Спальня Фриды находилась на первом этаже. В центре, повесив голову, сидел привязанный к стулу Батист. Кажется, у него была разбита губа. Анри стоял у кровати. В правой руке он держал пустую бутылку, а в левой — бокал с вином.

— Дюбуа… Полюбуйтесь, до чего людей доводят страсти… У этого юнца еще усы не отросли, а он уже прелюбодействует и убивает! — показал он на Батиста.

— Я ее не убивал! — закричал тот. — Не убивал, слышите?

При этом у парня на глазах выступили слезы.

Дюбуа молча заглянул за кровать, чтобы осмотреть труп. В комнате было холодно, а у окна блестела лужица воды.

— Когда вы вошли, окно было открыто? — спросил Дюбуа.

Первым ему ответил слуга:

— Да, госпожа Гиенхайм всегда вставала около семи и проветривала комнату. Особенно когда проводила ночь не одна…

— Да уж, свежий воздух и развлечения — самые восхитительные средства, которые знает медицина! Это я закрыл окно, иначе бы мы тут все окочурились от холода, — сказал Анри.

Дюбуа только вздохнул, снова открыл окно, осмотрел: следов взлома не было. В саду на снегу тоже не натоптано… Полицейский закрыл окно и повернулся к жертве.

Тело уже немолодой женщины лежало на полу. На Фриде были простая сорочка и халат, но одежда только подчеркивала ее природную красоту. В районе сердца зияла небольшая колотая рана. Голубые глаза жертвы были открыты и, казалось, с удивлением смотрели в потолок. Дюбуа присел и опустил ей правое нижнее веко: бурые пятна Лярше на глазном яблоке еще не появились. Значит, смерть наступила не более пяти часов назад. По полу растеклась кровь, однако брызг вокруг не было.

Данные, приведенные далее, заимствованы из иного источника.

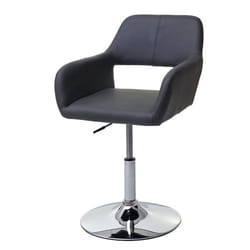 Chaise de salle à manger - Design rétro - PVC gris - Hauteur réglable - Piètement chrome - 360° rotatif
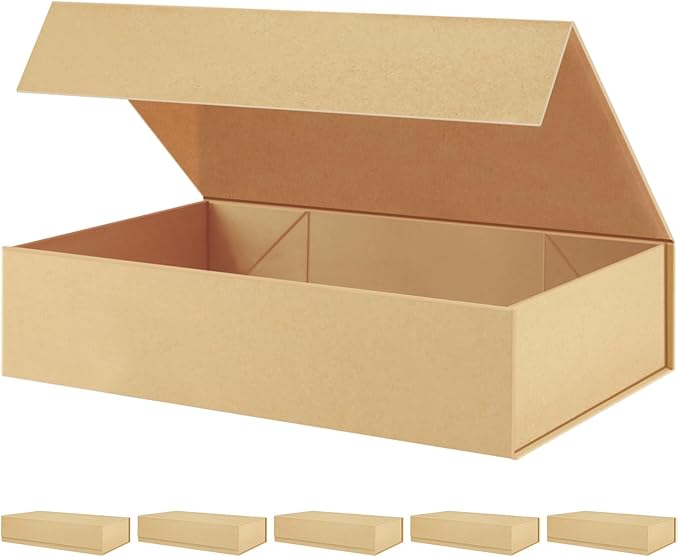 PACKHOME 6 Extra Large Gift Boxes 17.5x11.3x4.3 Inches, Sturdy Shirt Boxes with Magnetic Lids for Clothes and Large Gifts (Kraft)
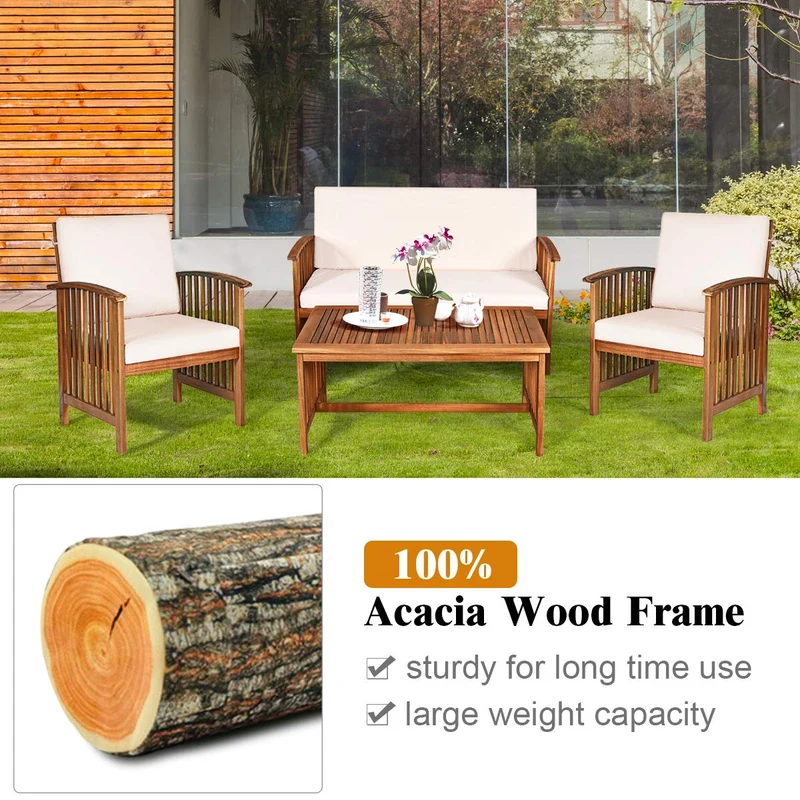 4-Piece Wood Outdoor Patio Conversation Seating Set with White Cushions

— Батист, выкладывай, — нарушил напряженное молчание Дюбуа. — Давно ты с ней… знаешься?

Анри Гиенхайм, услышав этот вопрос, презрительно фыркнул «Щенок!» и сел в кресло.

Батист поднял голову и с вызовом посмотрел на брата Фриды:

— Я ее любил! — горячо произнес он, а потом повернулся к полицейскому и продолжил: — Мы познакомились с Фридой, когда отец послал меня доставить ей кусок баранины. Она была такой… Такой мягкой и нежной…

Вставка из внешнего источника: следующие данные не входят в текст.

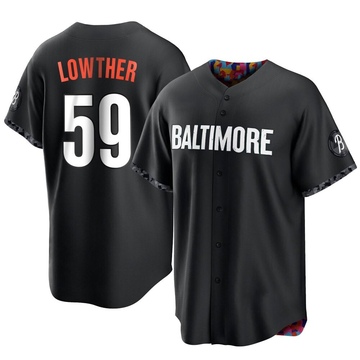 Black Replica Zac Lowther Men's Baltimore Orioles 2023 City Connect Jersey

— Кто, Фрида или баранина? — снова перебил юношу Анри.

— Помолчите! Дайте парню договорить! — повысил голос Дюбуа.

— Вам этого не понять, Анри. Вы бессердечны. Во Фриде вас интересовали только деньги! — выпалил Батист. — А я ее любил! Да, любил! И она меня тоже. Мы уже целый месяц встречаемся.

«Вампирша явно вскружила парню голову. Целый месяц они уже встречаются…» — подумал Дюбуа и сказал вслух:

— Батист, расскажи, что произошло вчера вечером.

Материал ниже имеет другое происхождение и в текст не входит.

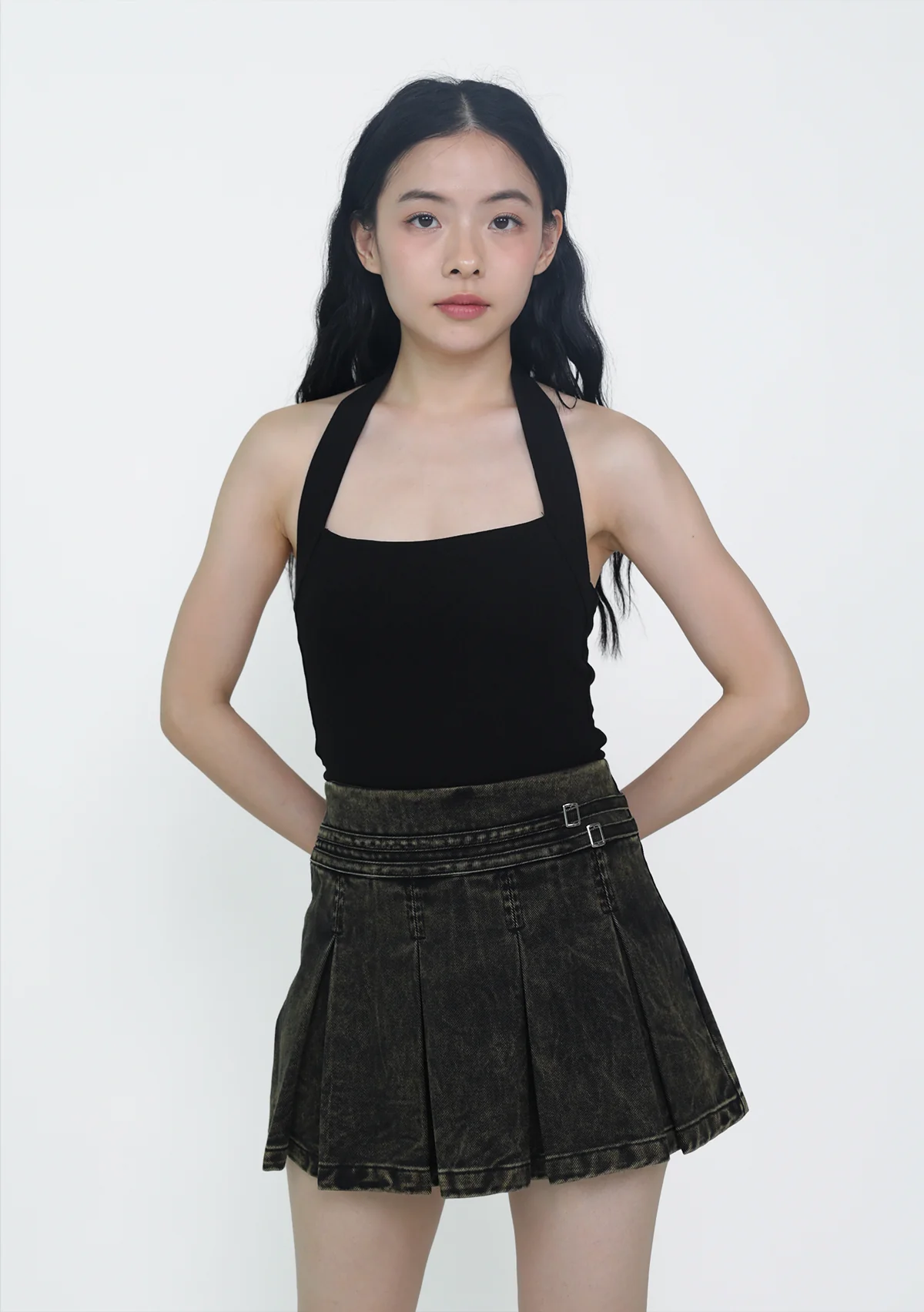 Skye Pleated Denim Skorts - Image 3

— Я пришел к Фриде около девяти. Мы поужинали и выпили вина… — заговорил Батист.

— Вы ужинали здесь или в столовой?

— Мы ужинали здесь.

— Пьер, я не вижу ни тарелок, ни столовых приборов, вы их убрали? — обратился Дюбуа к слуге. — Можно на них взглянуть?

— Да, еще вчера убрал. Сейчас принесу, — отозвался Пьер. — Правда, я их уже помыл…

— Несите-несите. А ты продолжай, Батист.